(this transcript has been lightly edited for readability)
I love Leviticus! I'm pretty sure that you don't because Leviticus has gotten bad billing. It just seems hard to work through when you get in all the details of the sacrificial system and all the repeated regulations and feast days, and you just get lost. Well, I want to give you a title for Leviticus that I think will help and then explain it. I would subtitle Leviticus, “Holy And Unholy.”
Leviticus is in the Bible to entertain and answer probably one of the most important questions that we could ever ask as we’re getting to understand the biblical story and it’s this: “How can a perfectly holy God live with such unholy people?” How can He do that without compromising His Holiness? How can He except unholy people?
Now the answer is not that the Trinity got together and said, “You know, these are pretty nice people. I know they’re pretty wicked. Why don’t we just turn our backs on that wickedness and just accept them?” No, God wouldn’t do that because God will not violate His justice in order to extend His grace. And so that's why God designed the sacrificial system that's there in Leviticus.
It's designed to atone for sin so that sinful people may have entrance into relationship with God; there could be forgiveness for unholy people. For unholy people to live with a holy God, there has to be penalty paid and forgiveness granted. That's the only way and that's what that system is about. And what you realize is God is not going to unleash His condemnation, but this story is going to tell you that God is going to unleash His forgiveness.
There are few more hopeful books in all of Scripture than Leviticus. Leviticus tells me that there is hope for me in my darkest, dumbest, stupidest, most rebellious moment; there's hope for me because God has made a way for sinners to know Him and to be accepted by Him.
But there's a second thing. As you're watching priests, knee-deep in blood, garments covered in blood, sacrifice after sacrifice after sacrifice, you begin to realize the inadequacy of this system. It's not enough because yesterday’s sacrifices covered yesterday, but they won't cover tomorrow.

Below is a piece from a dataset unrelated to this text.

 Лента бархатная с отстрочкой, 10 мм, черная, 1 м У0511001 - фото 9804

And so this whole system screams for a “once-and-for-all sacrifice.” Listen, every sacrificial lamb cried out for a lamb, The Lamb, The Lamb of God, Jesus. In the bleating of a lamb being slaughtered, hear a cry for Jesus, The Lamb, who would come. He would live perfectly; He would be the ultimate perfect Lamb, and when He would die as a substitution, once for all, forever ending the need for sacrifice.

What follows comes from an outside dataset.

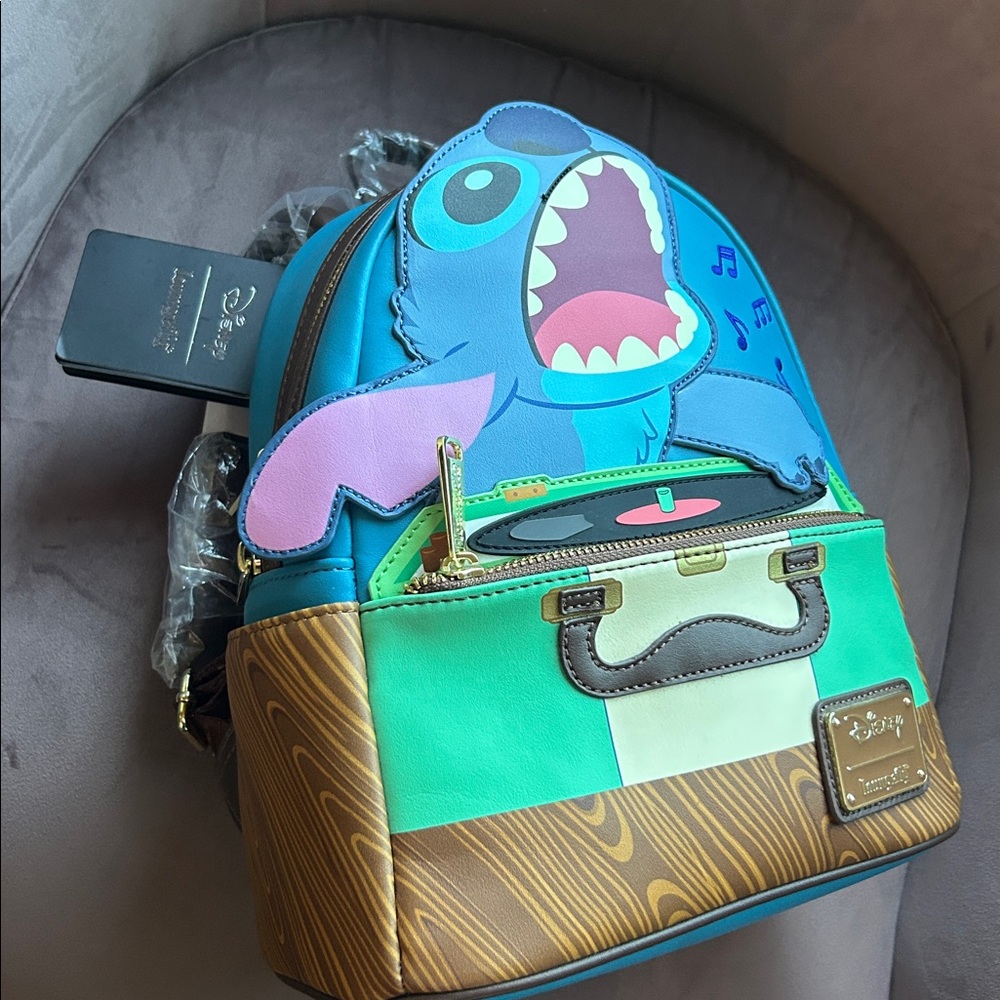 Loungefly Disney Stitch record player Mini Backpack - NWT!! - Picture 3 of 3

If Genesis introduces you to Jesus, Leviticus is a cry, “Oh, Jesus, come. Come quickly. We need The Lamb.” It is the magnificent glory of my life that unholy Paul can stand in the presence of a perfectly holy God, and He wraps arms of love around me. There's nothing more magnificent in my entire life than that. He has the right to damn me, but He chooses not to.
And that hymn is not first sung in the New Testament; it's first sung in Leviticus. In Leviticus, you see Almighty God becoming the forgiving One who makes a way for an unholy people to know Him, to live in His presence, and receive all that He has to offer them. I love Leviticus and I hope you will too.